Alaska Digest Email News
August 2-8, 2004

Sen. Murkowski Presents Education Grants To Sealaska In Juneau, Lower Kuskokwim District In Bethel To Help Native Children

Palmer, AK - Alaska Sen. Lisa Murkowski announced that the U.S. Department of Education is awarding four grants to state school organizations to help prepare Native children to do well in school - grants being awarded as a result of the No Child Left Behind educational reform act.

Murkowski, while in Palmer announcing a grant to a Mat-Su School District preschool, also announced that the Sealaska Heritage Institute in Juneau is receiving an $850,197 grant (over three years) for a program to prepare Southeast Native high school students to do well in college. She also announced that the Lower Kuskokwim School District in Bethel is receiving two grants, one for $1,006,985 (over three years) to develop a research-based preschool model for 3 and 4 year olds at preschools at Eek, Goodnews Bay and Tuntutuliak, and a second for $1.45 million (over two years) for rural teacher training.

"The federal No Child Left Behind Act requires that local districts do all they can to improve educational opportunities and improve the achievement of elementary and secondary school students. These grants provide money that districts can use to help Native children adjust to schools of all levels and improve their performance throughout their academic career," said Murkowski.
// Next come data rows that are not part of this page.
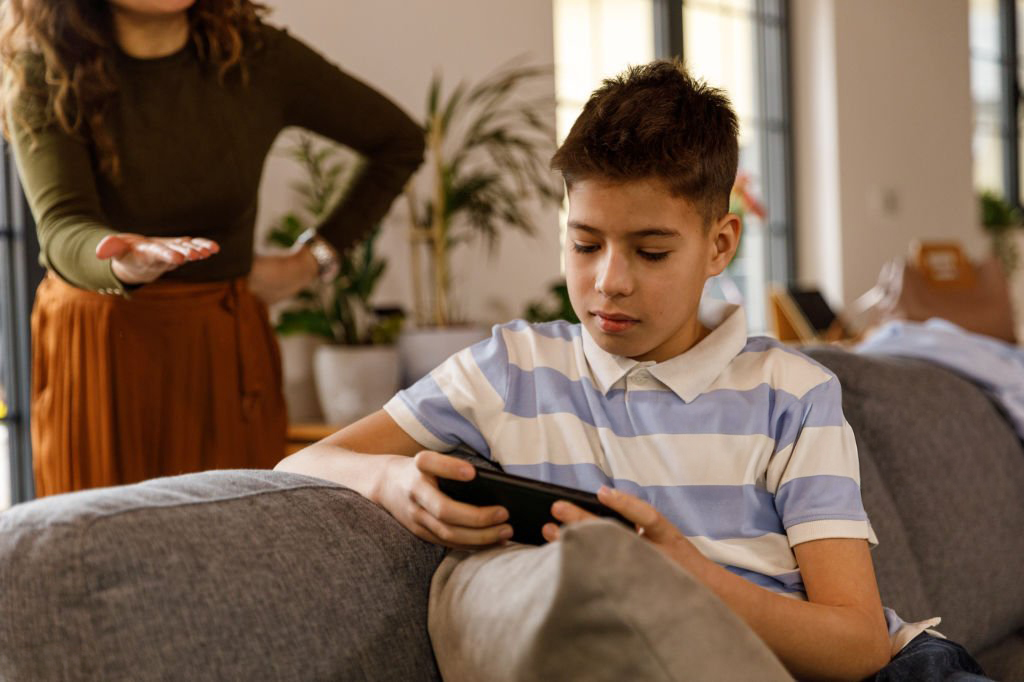 Photo en mise au point sélective d’un adolescent allongé sur le canapé, passant son temps à jouer à des jeux vidéo sur son smartphone. Sa mère, en colère, se tient derrière lui, la main sur la hanche, observant ce qu’il fait et lui demandant de lui donner le téléphone.
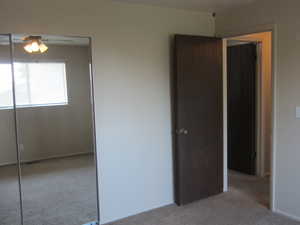 Unfurnished bedroom featuring light colored carpet, a closet, and a ceiling fan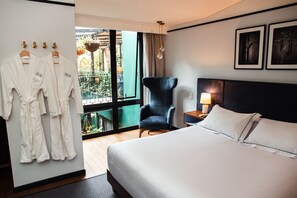 Ein Hotelzimmer mit Bett, Sessel, Schreibtisch und Lampe sowie einer Wand mit gerahmten Bildern.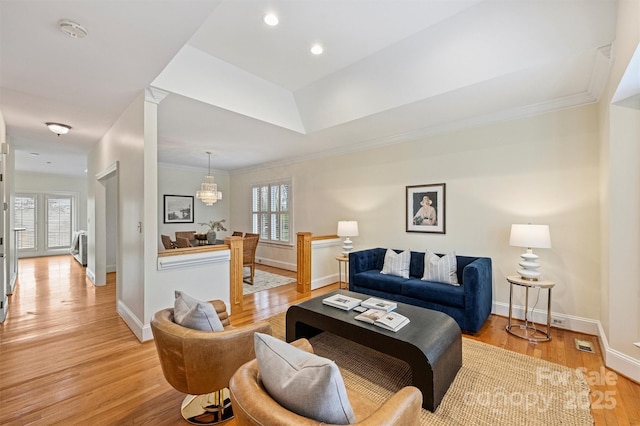 living room with crown molding, a wealth of natural light, and light wood-type flooring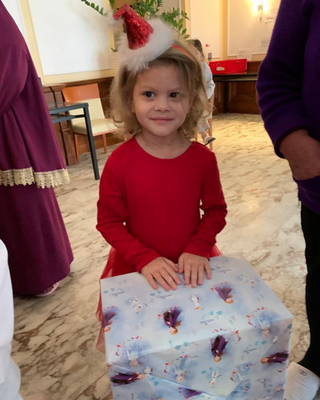 Ein kleines Mädchen in einem roten Kleid hält ein weiß verpacktes Geschenk fest.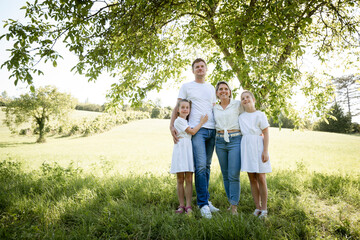 Fototapeta premium beautiful family with two girls is standing in meadow near walnut tree and has light outfit on and jeans and is happy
The Sealaska grant is intended to help the institute prepare 700 Southeast Native students to do better in college. It will fund the establishment of a college preparatory program to increase high school student competency in math, science and history, and significantly expand the culturally relevant curriculum, place-based educational resources and training of teachers to use those materials.

The goal of the program, according to the U.S. Department of Education, is to motivate Alaska Native high school students to stay in school while increasing their competency in difficult subjects by "helping them see meaningful connections between what they are learning, who they are, and where they are coming from." The program to improve curriculum and teacher training will provide high-school level studies in history, science, and math that combine Native ways of knowing within a system tied to state academic standards.

In Bethel, the Senator announced the Department is awarding a grant to the Lower Kuskokwim School District to train preschool staff, develop supervision and structure a curriculum to serve up to 175 preschoolers in the towns of Eek, Goodnews Bay and Tuntutuliak.

The schools will be set up on the "Tumkanka Program," which "provides developmentally and culturally appropriate home visit services to children birth through age 5." The project includes community involvement in a comprehensive planning process for children ages three and four and their families.

The second grant to the Lower Kuskokwim School District, for $1,445,910, will be for the Building Blocks Project, a joint effort by three Kuskokwim River schools, the Kuskokwim Campus of the University of Alaska Fairbanks, the Association of Village Council Presidents Head Start program and Yuut Elitnaurviat Consortium (The People's Learning Center) to offer professional development hours (training) to non-degreed paraprofessionals, teachers and volunteers working in early childhood settings.

The program is designed to help paraprofessionals obtain the education needed to motivate them toward obtaining teaching degrees and thus to help the young children they work with. The program is designed to help 100 educators at 50 centers in the state - helping the faculty meet the requirements of the No Child Left Behind Act and attain additional training to meet the needs of their more than 3,500 students. Training will be delivered in local villages through intensive training and the use of audio and video classes.

Murkowski during her visit to the Palmer school spoke of the progress of the No Child Left Behind Act and about ways to make the act work even better for Alaska students statewide.